With recent legalization in California, Nevada, Massachusetts, and Maine, more than 1 in 5 U.S. adults now reside in a state where recreational use of cannabis is legal. This represents a 300% increase from 2016, and means more than 35 million adults can legally consume cannabis. In Colorado, there are more cannabis dispensaries than Subway and McDonald’s restaurants combined. In Washington, there are more dispensaries than 7-Elevens; and in California, there are more than 2,000 medicinal dispensaries preparing for the recreational marketplace to be established. In 2017, there are more than a dozen states considering legalizing recreational use of cannabis. The upshot here is that legal cannabis soon will become the largest new CPG category most of us in the industry have ever experienced.
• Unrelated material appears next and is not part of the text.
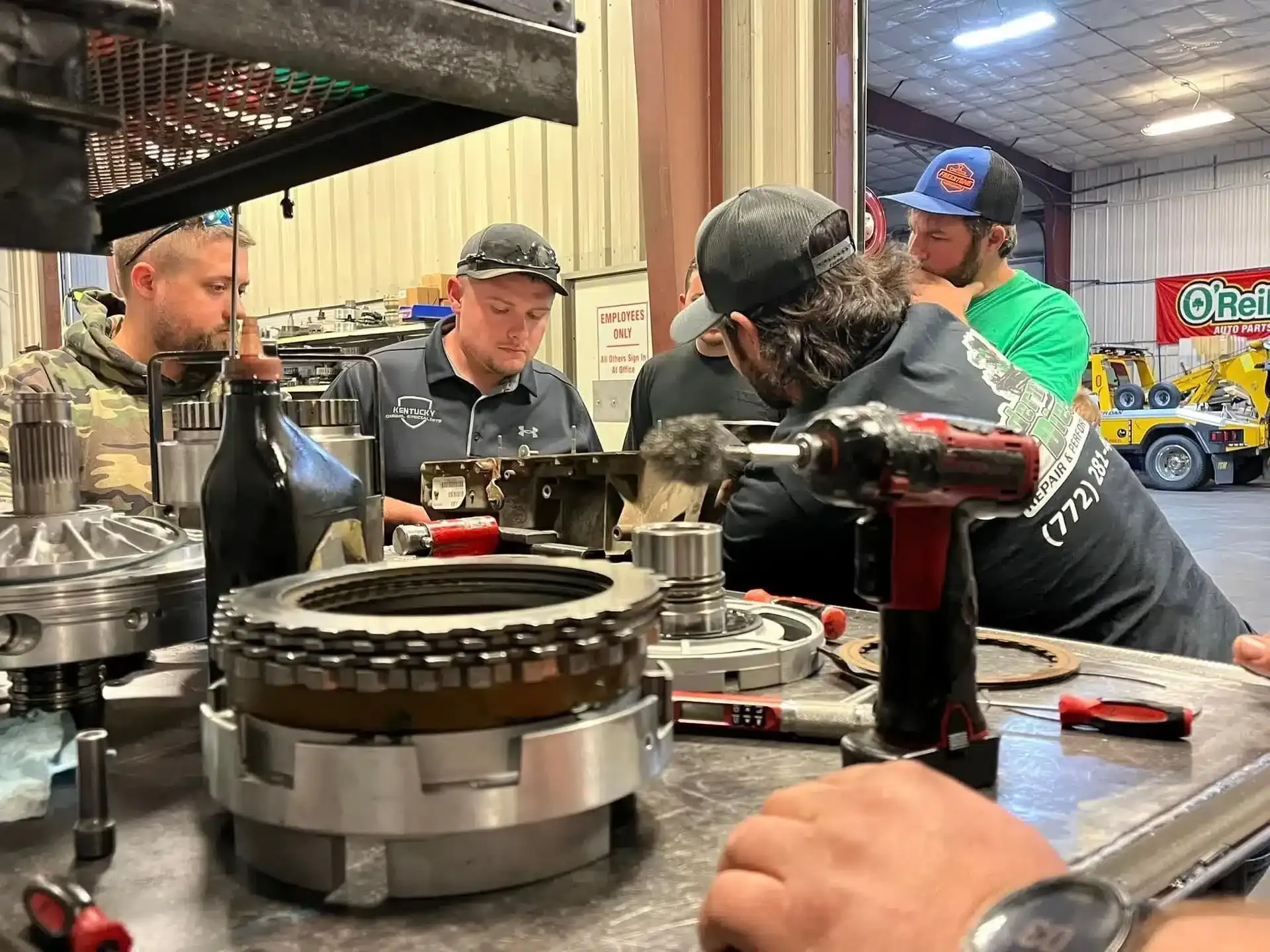 A group of people working on automotive parts at a workshop table, with tools and equipment scattered around. A man in a black cap is focused on a component, while others observe and discuss. Workshop interior and equipment are visible in the background.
This phenomenon is a threat and an opportunity to retailers when considering the basic needs consumers look to satisfy through consumption of cannabis:
- Social: to facilitate and enjoy interactions with others
- Experiential: to heighten experiences
- Medicinal: to manage pain and treat health conditions
- Holistic health: to reduce stress and promote personal wellness
- Habit breaking: to quell addictions or habits
These are some of the same need states satisfied by other categories such as beer, wine, spirits, sleep aids, internal analgesics, tobacco, smoking cessation, skin care, herbs, supplements, teas, energy drinks and prescription medications. These categories are mainstays of the grocery, drug, mass and convenience channels. Customers use these categories for social, experiential, medicinal, holistic health, and habit breaking purposes — the same reasons they use cannabis. In many instances, cannabis not only offers a viable alternative to a CPG product, but does so with perceived additional benefits to the consumer, such as lower cost or fewer side effects. Whether it’s reducing caloric intake by shifting some beer purchases to cannabis, or a desire to treat a muscle ache with a natural product as opposed to an OTC pain reliever, CPG categories are facing a new, formidable competitor as cannabis enters the category mix of customers.
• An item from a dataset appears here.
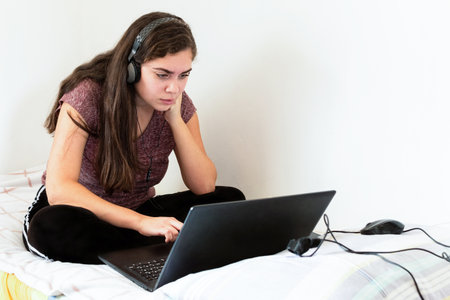 A young Israeli woman sitting in bed, studying or working on her laptopの写真素材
It’s not just an assumption that cannabis will impact CPG sales, it is already happening. However, the impact often goes unnoticed since only four states currently have established legal marketplaces for recreational use representing just 5% of the US population. But the warning signs are clearly there. As new adult-use states and particularly California come online, the impact will become more apparent and more substantial. Because cannabis impacts brands disproportionately, some products will be highly impacted while others will experience much less of an effect.
The challenge for CPG retailers is that cannabis changes the product assortment paradigm since it cannot legally be sold by a CPG retailer. That means tried and true solutions like bringing in new SKU’s or reallocating space are not viable ways to handle customer shifts to cannabis. Further complicating matters: many impacted categories drive store visits so the impact of a shift is not only about the loss of a single category sale but rather the loss of an entire basket.
The situation is concerning, but retailers are incredibly resourceful and extremely resilient. They already have established DSD operations, currently sell highly regulated products, and are experts in marketing, assortment, merchandising, CRM, and cultivating positive customer shopping experiences. They also have an established footprint in the marketplace with significant visit frequency that can be leveraged to compete. Whether through investment or acquisition, driving change in regulations, or offering new complementary products, CPG retailers are extremely well positioned to adapt to the risks and opportunities presented by the cannabis industry’s expansion.
The near-term focus should be on gaining a better understanding of the evolving cannabis marketplace and familiarization with customer attitudes and behaviors toward cannabis use. Armed with this knowledge, retailers will be better equipped to formulate effective strategies regardless of the nature or speed of consumer adoption.